**** RECORD EXTRACTS

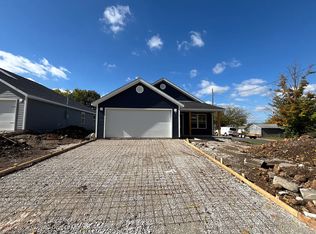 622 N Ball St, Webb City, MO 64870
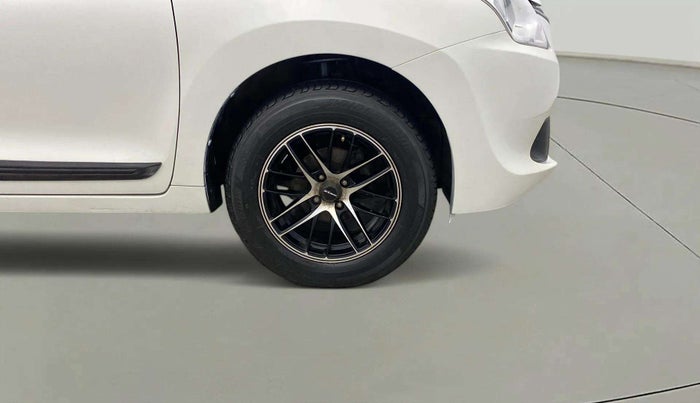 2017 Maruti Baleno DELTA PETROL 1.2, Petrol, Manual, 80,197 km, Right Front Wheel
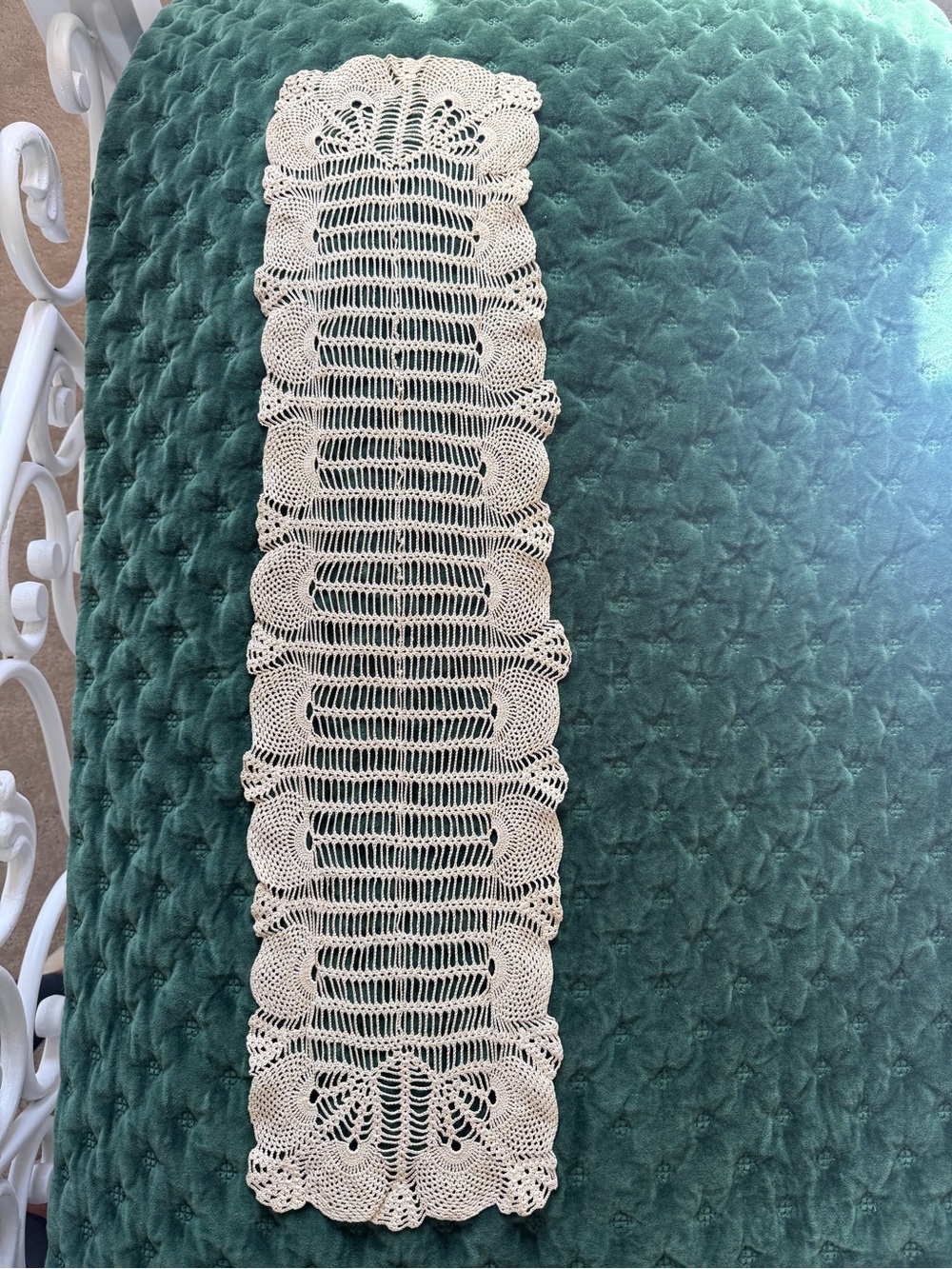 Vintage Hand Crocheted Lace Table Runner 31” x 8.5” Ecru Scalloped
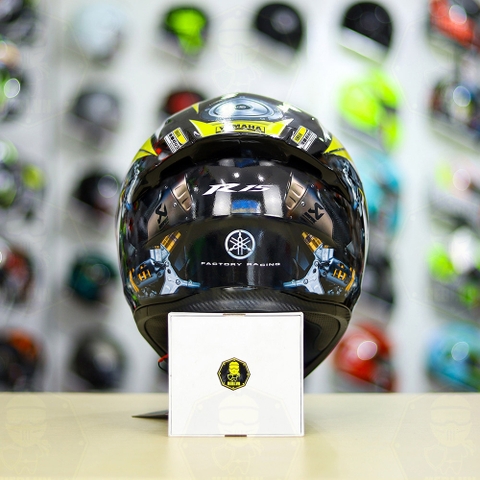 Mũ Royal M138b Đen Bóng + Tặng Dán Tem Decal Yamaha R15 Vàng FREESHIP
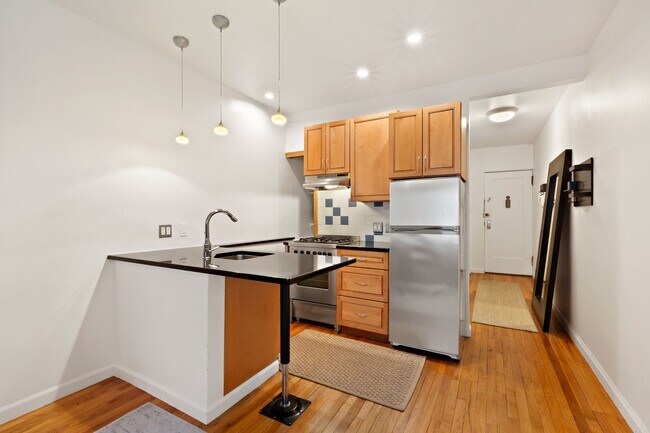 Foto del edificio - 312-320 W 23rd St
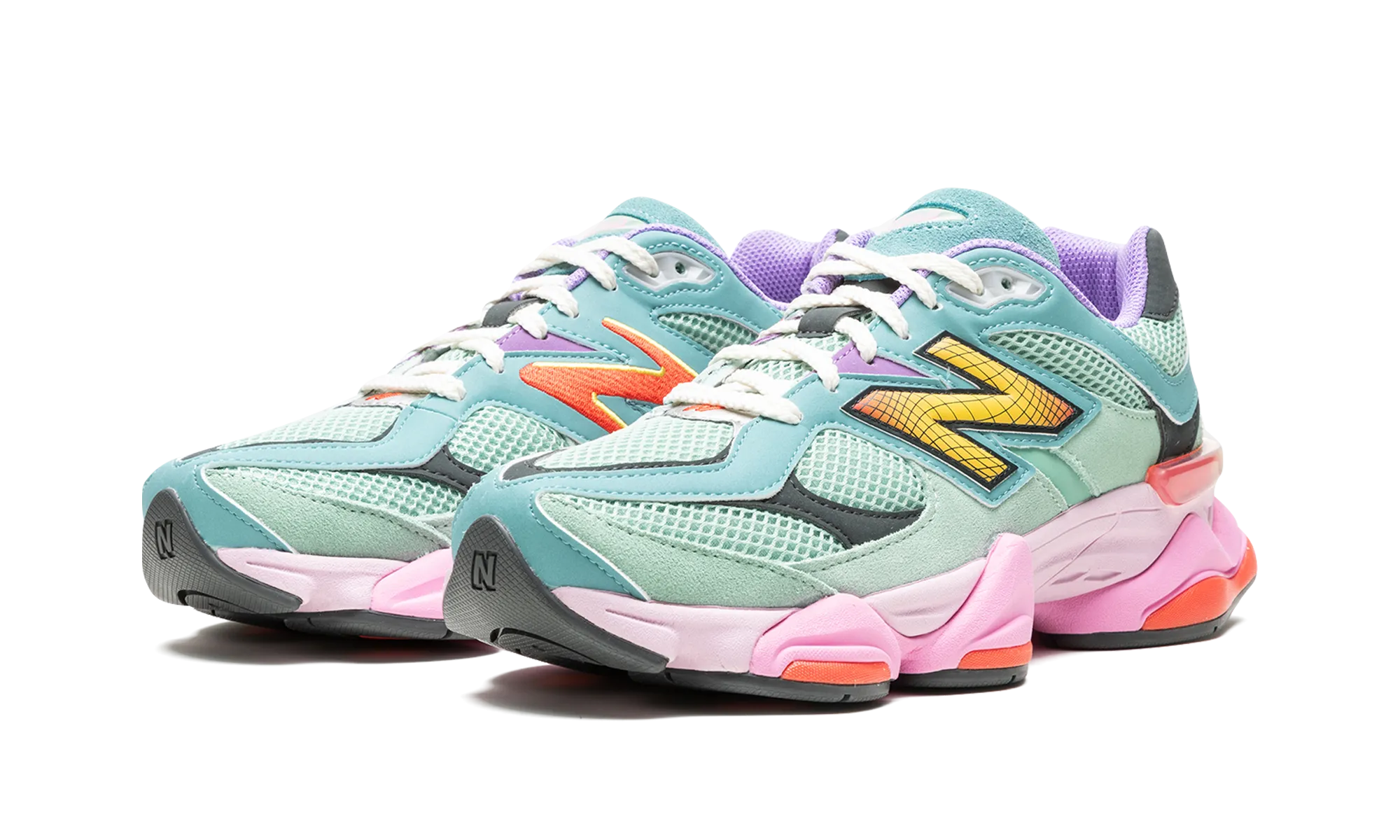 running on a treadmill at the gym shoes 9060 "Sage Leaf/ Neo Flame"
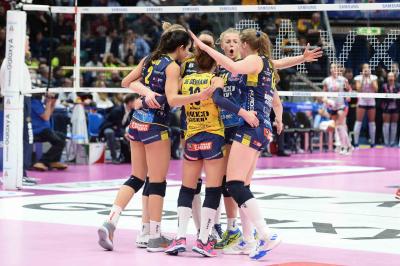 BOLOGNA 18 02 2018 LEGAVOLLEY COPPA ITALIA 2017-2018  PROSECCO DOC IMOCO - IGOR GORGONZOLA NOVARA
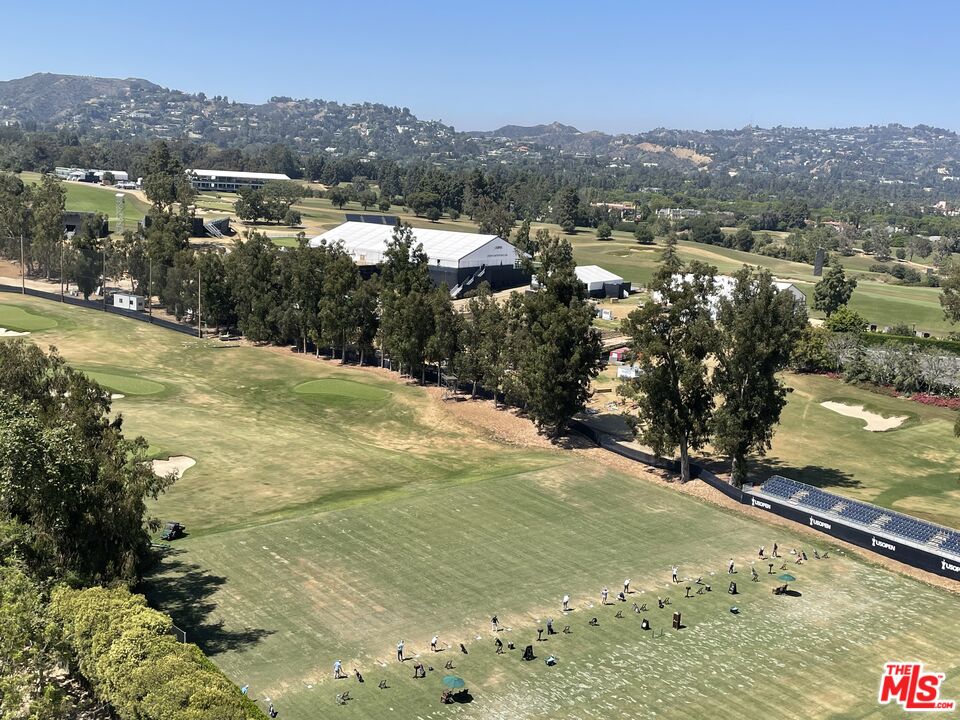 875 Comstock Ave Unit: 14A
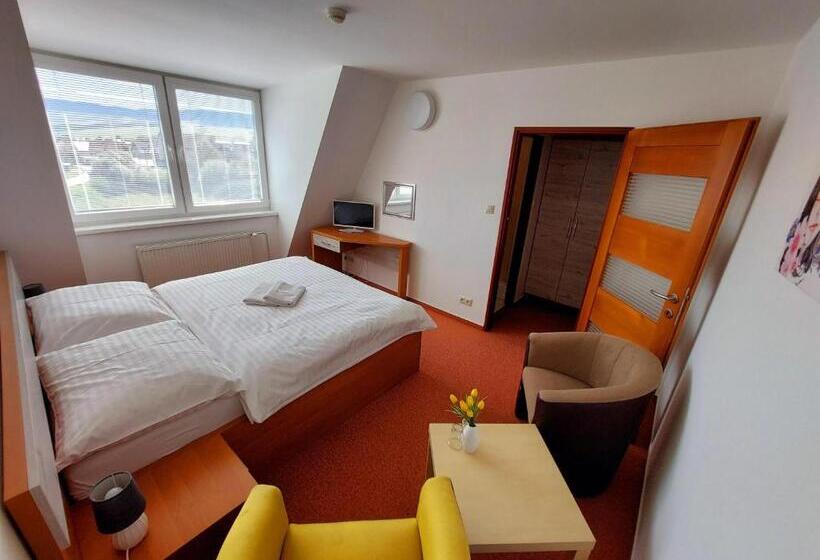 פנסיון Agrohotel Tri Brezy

********

### EXERCISE
Reproduce every record verbatim, please. Omit the images.

### OUTPUT BELOW
 622 N Ball St, Webb City, MO 64870
 2017 Maruti Baleno DELTA PETROL 1.2, Petrol, Manual, 80,197 km, Right Front Wheel
 Vintage Hand Crocheted Lace Table Runner 31” x 8.5” Ecru Scalloped
 Mũ Royal M138b Đen Bóng + Tặng Dán Tem Decal Yamaha R15 Vàng FREESHIP
 Foto del edificio - 312-320 W 23rd St
 running on a treadmill at the gym shoes 9060 "Sage Leaf/ Neo Flame"
 BOLOGNA 18 02 2018 LEGAVOLLEY COPPA ITALIA 2017-2018  PROSECCO DOC IMOCO - IGOR GORGONZOLA NOVARA
 875 Comstock Ave Unit: 14A
 פנסיון Agrohotel Tri Brezy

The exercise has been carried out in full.